Previous studies of primary care in the UK and Denmark indicate that 17% to 24% of people
classified into the low-risk group nonetheless had a poor outcome [15]. Therefore, it is to be
expected that some ‘failed’ low risk patients who do not improve are referred to secondary care.
However, given that almost half of the ‘low risk’ patients in secondary care had a poor outcome,
perhaps we need to reframe the language in this setting so that this subgroup are referred to as ‘low
complexity’ and compared to ‘medium and high complexity’ subgroups.
A strength of this study was the use of a pre-exiting validation model to test the predictive ability of
the SBT classification categories as this allowed the comparison of results across care settings and
two previous studies [1, 15]. Two other primary care studies used different methodological
14
approaches to asses the predictive ability of SBT [2, 8]. In one study, SBT sumscores were used as
a continuous scale in longitudinal modelling of a non-uniform outcome period [8]. In the other
study the SBT sumscores and the outcome measures were used as continuous scales in multiple
linear regression modelling to monitor of change during treatment and avoid the borderline
misclassification of cases [2]. Our study was not designed to monitor change but to investigate the
predictive ability of the baseline SBT classification categories (low, medium and high risk
subgroup) and therefore we mirrored the method used in the original validation studies [1, 15].
A limitation of this study is that it was not designed to investigate the treatment implications of the
SBT. Although the SBT predictive ability was not as strong as in primary care, this was
investigated by us in secondary care where care pathways were uninfluenced by SBT subgroup.
Therefore, it is possible that an ‘SBT-type’ of classification might have clinically useful treatment
implications in secondary care, although such risk-based classification may require including
different constructs. In addition, as secondary care settings and the characteristics of their patients
vary greatly within and between countries, caution should be exercised in generalising these results.
Conclusion
In our multidisciplinary Danish secondary care setting, the SBT classification subgroups were less
able to predict persistent activity limitation at 6 months follow-up than in a Danish physiotherapy
primary care setting. This finding remained even after adjusting for baseline differences in episode
duration and LBP intensity. In both settings, episode duration was a predictive factor that was
independent of SBT subgroup classification, and baseline pain intensity also was in secondary care.

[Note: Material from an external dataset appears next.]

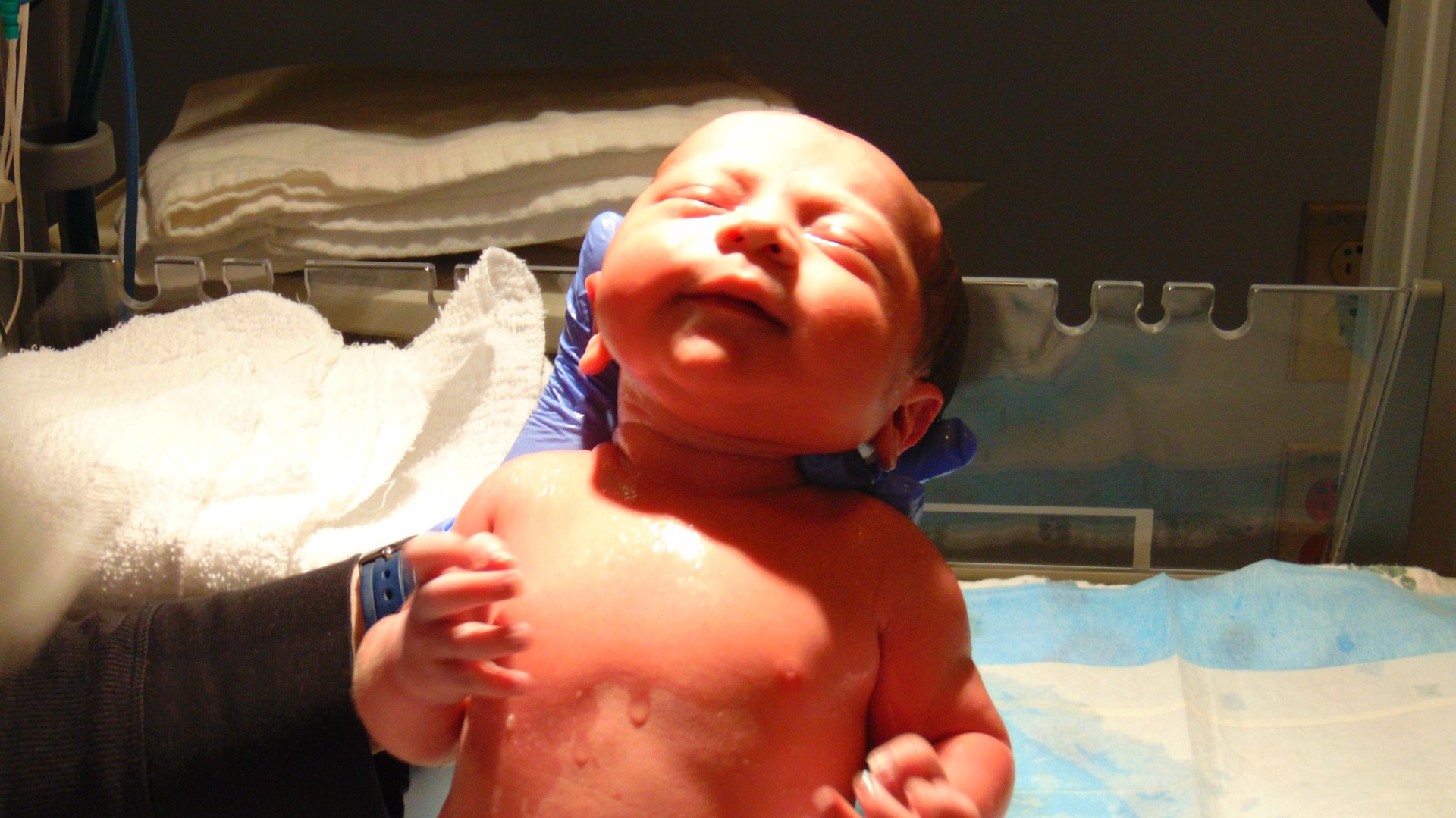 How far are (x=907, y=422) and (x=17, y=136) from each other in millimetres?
764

The usefulness of SBT subgroup targeted treatment in secondary care was not investigated in this
study.
15
Reference List
(1) Hill JC, Dunn KM, Lewis M, Mullis R, Main CJ, Foster NE, et al. A primary care back pain
screening tool: identifying patient subgroups for initial treatment. Arthritis Rheum 2008
May 15;59(5):632-41.
(2) Beneciuk JM, Bishop MD, Fritz JM, Robinson ME, Asal NR, Nisenzon AN, et al. The
STarT Back Screening Tool and Individual Psychological Measures: Evaluation of
Prognostic Capabilities for Low Back Pain Clinical Outcomes in Outpatient Physical
Therapy Settings. Phys Ther 2012 Nov 2.
(3) Hill JC, Dunn KM, Main CJ, Hay EM. Subgrouping low back pain: a comparison of the
STarT Back Tool with the Orebro Musculoskeletal Pain Screening Questionnaire. Eur J Pain
2010 Jan;14(1):83-9.
(4) Wideman TH, Hill JC, Main CJ, Lewis M, Sullivan MJ, Hay EM. Comparing the
responsiveness of a brief, multidimensional risk screening tool for back pain to its
unidimensional reference standards: The whole is greater than the sum of its parts. Pain
2012 Nov;153(11):2182-91.
(5) Bruyere O, Demoulin M, Brereton C, Humblet F, Flynn D, Hill JC, et al. Translation
validation of a new back pain screening questionnaire (the STarT Back Screening Tool) in
French. Arch Public Health 2012;70(1):12.
(6) Gusi N, Del Pozo-Cruz B, Olivares PR, Hernandez-Mocholi M, Hill JC. The Spanish
version of the "STarT Back Screening Tool" (SBST) in different subgroups. Aten Primaria
2011 Feb 4.
(7) Morso L, Albert H, Kent P, Manniche C, Hill J. Translation and discriminative validation of
the STarT Back Screening Tool into Danish. Eur Spine J 2011 Jul 19.
(8) Fritz JM, Beneciuk JM, George SZ. Relationship between categorization with the STarT
Back Screening Tool and prognosis for people receiving physical therapy for low back pain.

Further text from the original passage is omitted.